§ TASK DETAILS
Nothing but the lines from the one containing "Jumeirah Emirates Towers Hotel" through the last line of the data below should be returned, each exactly as it stands, pictures excluded.

Data excerpts:
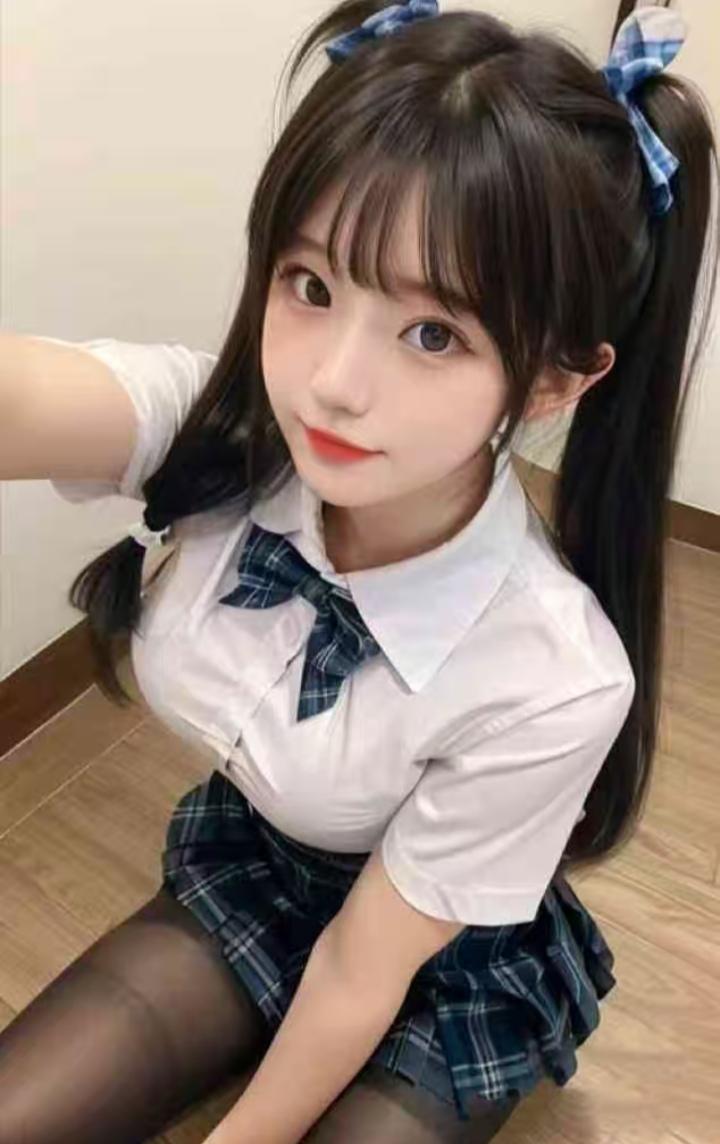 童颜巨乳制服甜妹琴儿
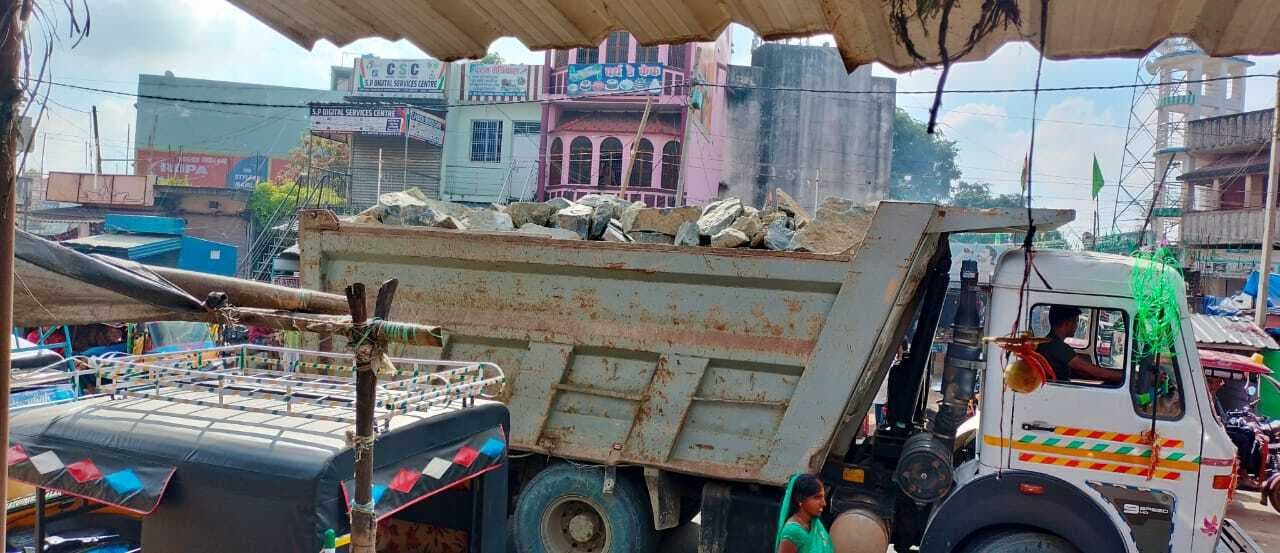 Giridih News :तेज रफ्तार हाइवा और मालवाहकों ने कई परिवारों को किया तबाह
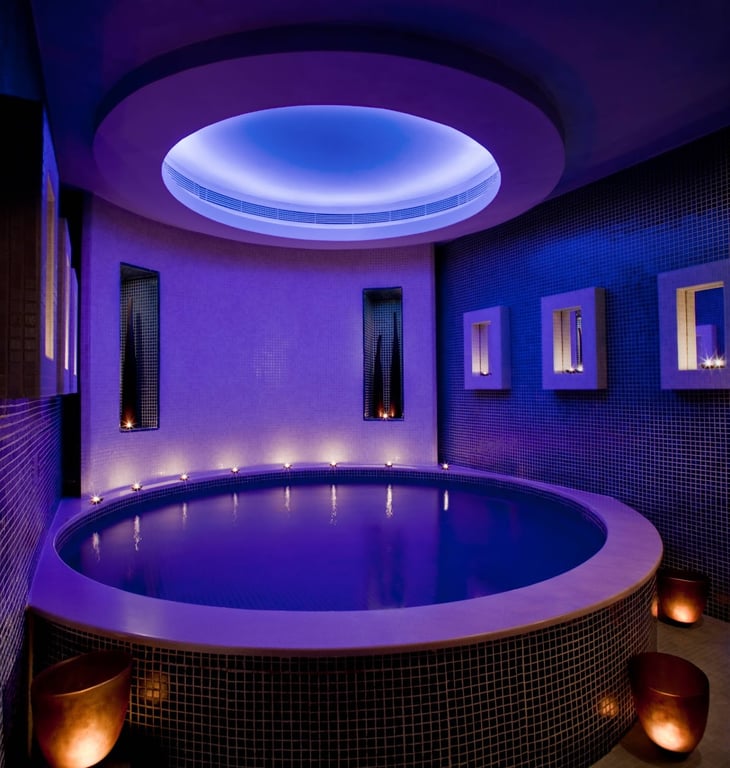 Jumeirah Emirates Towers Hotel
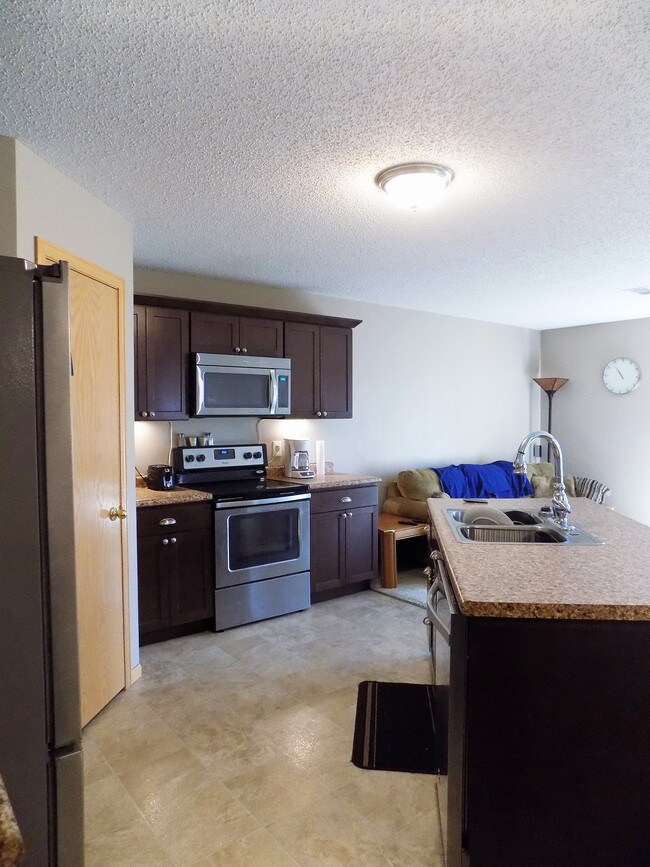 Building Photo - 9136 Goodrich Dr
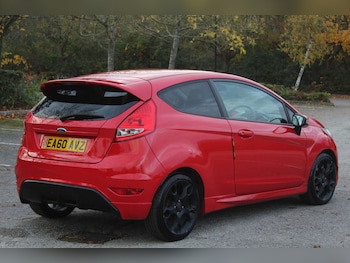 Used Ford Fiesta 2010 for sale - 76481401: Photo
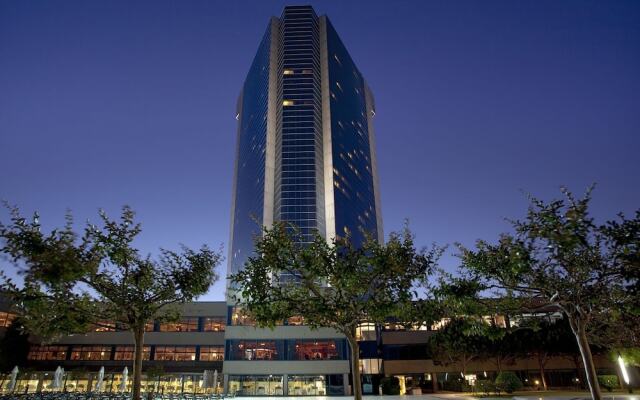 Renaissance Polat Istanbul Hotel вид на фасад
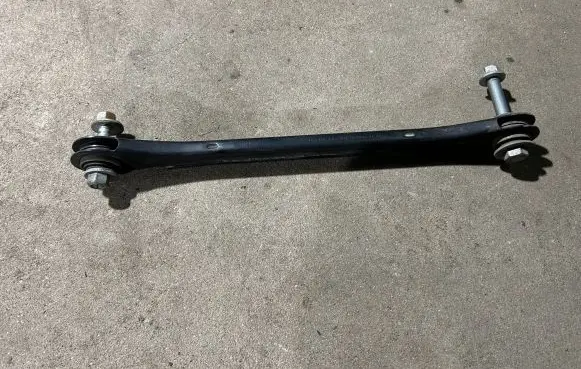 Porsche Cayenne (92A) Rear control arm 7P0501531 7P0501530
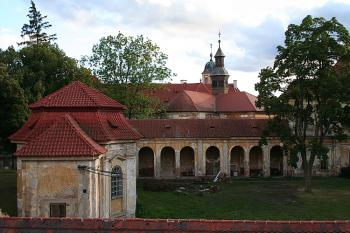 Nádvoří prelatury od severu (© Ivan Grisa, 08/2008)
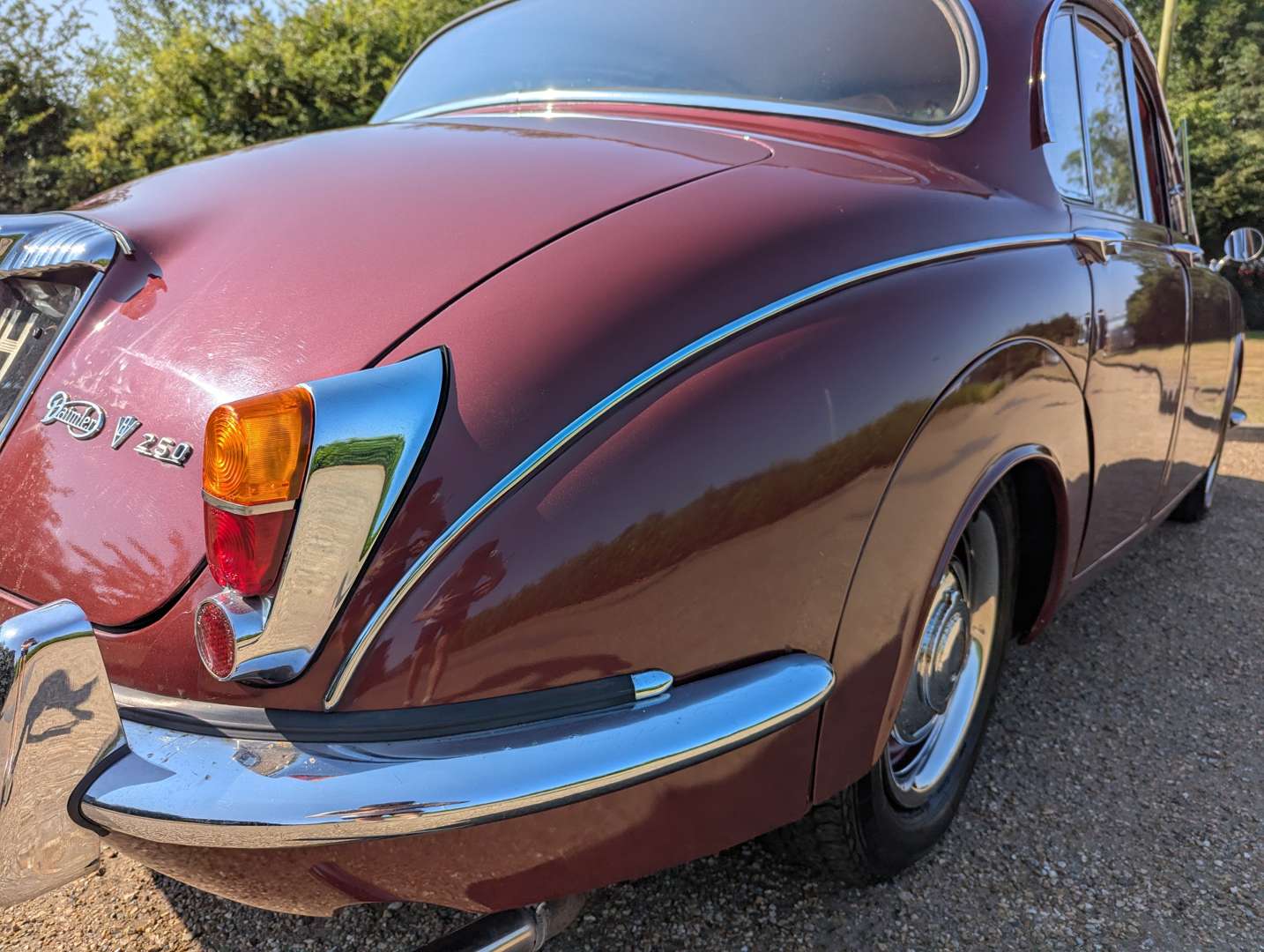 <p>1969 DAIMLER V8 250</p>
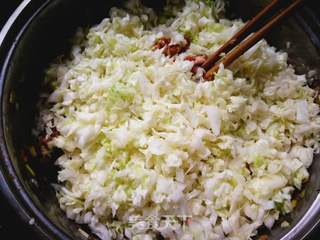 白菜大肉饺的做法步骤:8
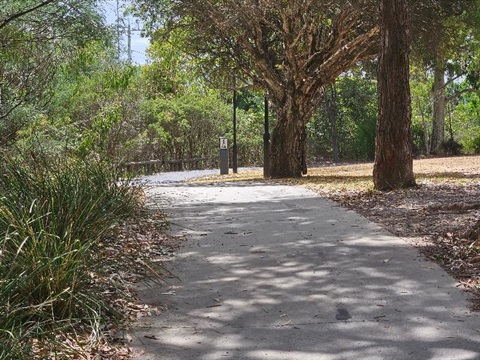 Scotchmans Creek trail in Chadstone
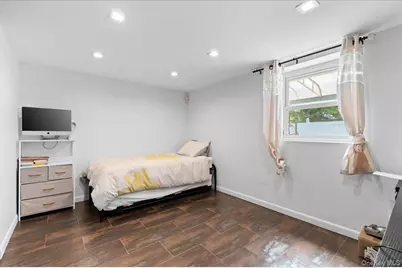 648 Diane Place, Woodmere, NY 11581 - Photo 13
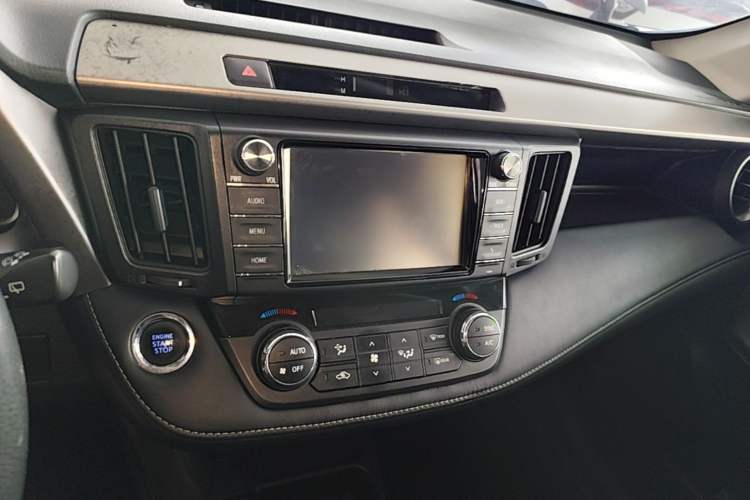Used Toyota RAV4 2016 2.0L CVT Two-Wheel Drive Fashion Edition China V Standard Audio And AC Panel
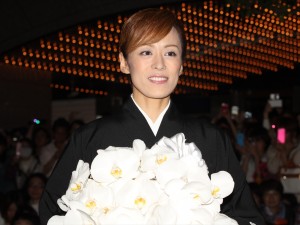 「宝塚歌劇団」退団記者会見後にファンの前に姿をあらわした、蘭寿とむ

§ COMPLETED EXERCISE
 Jumeirah Emirates Towers Hotel
 Building Photo - 9136 Goodrich Dr
 Used Ford Fiesta 2010 for sale - 76481401: Photo
 Renaissance Polat Istanbul Hotel вид на фасад
 Porsche Cayenne (92A) Rear control arm 7P0501531 7P0501530
 Nádvoří prelatury od severu (© Ivan Grisa, 08/2008)
 <p>1969 DAIMLER V8 250</p>
 白菜大肉饺的做法步骤:8
 Scotchmans Creek trail in Chadstone
 648 Diane Place, Woodmere, NY 11581 - Photo 13
Used Toyota RAV4 2016 2.0L CVT Two-Wheel Drive Fashion Edition China V Standard Audio And AC Panel
 「宝塚歌劇団」退団記者会見後にファンの前に姿をあらわした、蘭寿とむ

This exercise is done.